Fire safety standards have to be updated and modernized, and teaching programs must be delivered to First Nations communities or other remote locations to allow people to self-assess their properties on-site for fire-safe conditions and practices.
Are the buildings maintained with open exit doors? Are there unwanted accumulations of cardboard in halls or outside buildings? Are fire extinguishers and fire detection equipment fully operational? Are building sprinkler systems fully functional? Are fire-safe practices being observed? Apartment and housing building managers learn how to look at fire safety, alarms systems, and inspections of dark corridors and the integrity of fire separations and engineered systems."
Self-assessment skills give community managers the insights to better protect community resources and facilities, FireWise courses are all-inclusive, interactive, and self-paced. Courses are divided into units and involve as many as 35 hours of training.
Communities need fire safety, and in too many cases, there are Indigenous communities in urgent need of training, What FireWise has done reflects the concerns about a higher incidence of fire in First Nation communities. They give the training at half price on a Canada-wide basis to First Nation communities.
It is challenging to deliver in-person classroom-type training because of their remote locations. As the internet is introduced into more remote communities, education will improve dramatically. Too many First Nation administrations operate without broadband internet services.
As things stand, they did a course in Taber, Alberta, in 2021, and two students came from Moncton, New Brunswick, to take the Fire Investigation Course. Travelling long distances to get training is too costly for most communities.
In the month of June 2021, FireWise Consulting became a Benefit Corporation for Good . The company operates with a Triple Bottom Line: People, Planet, and Profit, where profit is measured by increased social capital.
Any First Nation trained to do fire safety self-assessments would gain social capital in the form of accessible and possibly transferable training, safety benefits, and planetary benefits.
When the company delivers fire investigation training they have to burn things, for education, to provide an investigation site to students. In the near future this will be done online with virtual 360 video and virtual tours of burn sites. They teach investigation and inspection to see burn patterns, or what remains as evidence. Students learn how to conduct scientific investigations. They are doing a small part by eliminating teaching fires, and through the use of 360-videos and virtual tours, their goal is to get fire investigation completely online.
Online training meets many of Their Benefit Corporation for Good objectives concerning fire prevention and investigation.

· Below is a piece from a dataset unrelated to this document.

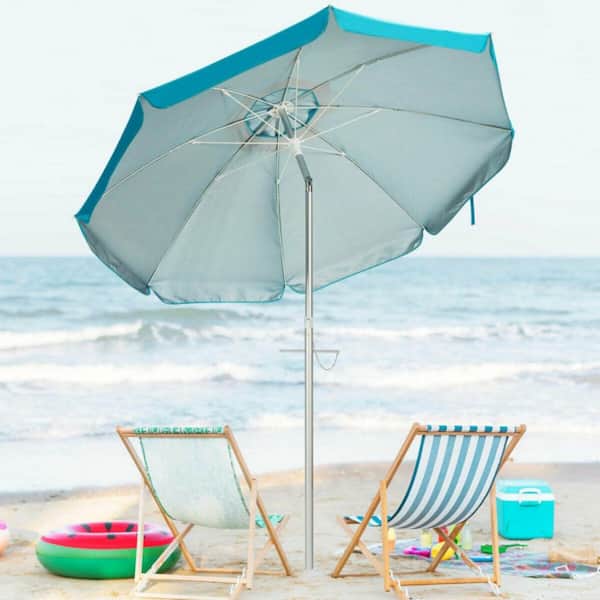 6.5 ft. Beach Patio Umbrella with Carry Bag in Blue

Bob Turley is a fire investigation expert, and has a real passion for prevention training to a pre-emptive level, and he teaches community managers to think about fire prevention looking for internal community resources for the answers. FireWise can 'train the trainer,' which spreads fire prevention knowledge through communities.
Polsom says Turley has a passion for teaching this ability to First Nations whose properties are too often at risk. Knowledge helps prevent fires.